▶ **INPUT DATA**:

━━━━━━━━━━━━━━━━━━━━

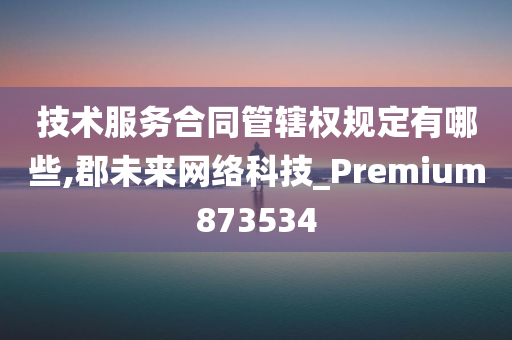 技术服务合同管辖权规定有哪些,郡未来网络科技_Premium873534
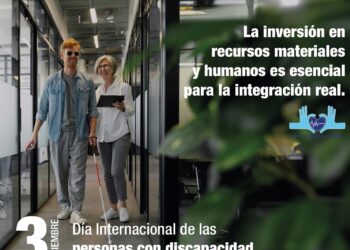 Imagen del cartel del Día Internacional de las Personas con Discapacidad.SAE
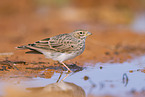 meadow pipit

━━━━━━━━━━━━━━━━━━━━

▶ **INSTRUCTIONS FOR THE TASK**: When a line carries an image, skip the image and repeat everything else above exactly as written.

▶ **REPLY TO THE TASK**:
 技术服务合同管辖权规定有哪些,郡未来网络科技_Premium873534
 Imagen del cartel del Día Internacional de las Personas con Discapacidad.SAE
 meadow pipit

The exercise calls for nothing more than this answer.